=== TASK BRIEF ===
Every record that follows should be output exactly as it is given.

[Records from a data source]
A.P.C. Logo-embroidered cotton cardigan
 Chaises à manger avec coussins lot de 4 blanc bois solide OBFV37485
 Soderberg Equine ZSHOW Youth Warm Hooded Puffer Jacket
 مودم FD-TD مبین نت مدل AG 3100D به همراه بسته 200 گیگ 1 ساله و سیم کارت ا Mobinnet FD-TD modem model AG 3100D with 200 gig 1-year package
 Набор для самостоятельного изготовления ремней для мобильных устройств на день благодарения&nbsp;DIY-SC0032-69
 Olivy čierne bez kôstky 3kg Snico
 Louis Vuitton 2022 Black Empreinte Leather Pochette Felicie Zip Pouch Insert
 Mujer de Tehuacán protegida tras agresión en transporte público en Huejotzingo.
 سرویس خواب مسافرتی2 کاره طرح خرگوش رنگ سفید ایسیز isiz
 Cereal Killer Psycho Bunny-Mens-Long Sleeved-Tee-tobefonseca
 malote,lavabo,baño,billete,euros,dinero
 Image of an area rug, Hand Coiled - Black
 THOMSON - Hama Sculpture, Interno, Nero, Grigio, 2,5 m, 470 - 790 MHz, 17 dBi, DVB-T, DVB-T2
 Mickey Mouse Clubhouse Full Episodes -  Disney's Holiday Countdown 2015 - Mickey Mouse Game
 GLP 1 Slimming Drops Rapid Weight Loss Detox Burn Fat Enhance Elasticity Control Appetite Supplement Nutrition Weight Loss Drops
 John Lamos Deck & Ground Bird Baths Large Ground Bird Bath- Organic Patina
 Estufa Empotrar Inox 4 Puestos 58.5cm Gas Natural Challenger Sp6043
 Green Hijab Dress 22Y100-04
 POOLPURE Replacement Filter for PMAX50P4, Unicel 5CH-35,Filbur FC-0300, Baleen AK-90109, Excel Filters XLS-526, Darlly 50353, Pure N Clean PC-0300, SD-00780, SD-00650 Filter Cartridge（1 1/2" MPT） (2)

=== ANSWER BOX ===
A.P.C. Logo-embroidered cotton cardigan
 Chaises à manger avec coussins lot de 4 blanc bois solide OBFV37485
 Soderberg Equine ZSHOW Youth Warm Hooded Puffer Jacket
 مودم FD-TD مبین نت مدل AG 3100D به همراه بسته 200 گیگ 1 ساله و سیم کارت ا Mobinnet FD-TD modem model AG 3100D with 200 gig 1-year package
 Набор для самостоятельного изготовления ремней для мобильных устройств на день благодарения&nbsp;DIY-SC0032-69
 Olivy čierne bez kôstky 3kg Snico
 Louis Vuitton 2022 Black Empreinte Leather Pochette Felicie Zip Pouch Insert
 Mujer de Tehuacán protegida tras agresión en transporte público en Huejotzingo.
 سرویس خواب مسافرتی2 کاره طرح خرگوش رنگ سفید ایسیز isiz
 Cereal Killer Psycho Bunny-Mens-Long Sleeved-Tee-tobefonseca
 malote,lavabo,baño,billete,euros,dinero
 Image of an area rug, Hand Coiled - Black
 THOMSON - Hama Sculpture, Interno, Nero, Grigio, 2,5 m, 470 - 790 MHz, 17 dBi, DVB-T, DVB-T2
 Mickey Mouse Clubhouse Full Episodes -  Disney's Holiday Countdown 2015 - Mickey Mouse Game
 GLP 1 Slimming Drops Rapid Weight Loss Detox Burn Fat Enhance Elasticity Control Appetite Supplement Nutrition Weight Loss Drops
 John Lamos Deck & Ground Bird Baths Large Ground Bird Bath- Organic Patina
 Estufa Empotrar Inox 4 Puestos 58.5cm Gas Natural Challenger Sp6043
 Green Hijab Dress 22Y100-04
 POOLPURE Replacement Filter for PMAX50P4, Unicel 5CH-35,Filbur FC-0300, Baleen AK-90109, Excel Filters XLS-526, Darlly 50353, Pure N Clean PC-0300, SD-00780, SD-00650 Filter Cartridge（1 1/2" MPT） (2)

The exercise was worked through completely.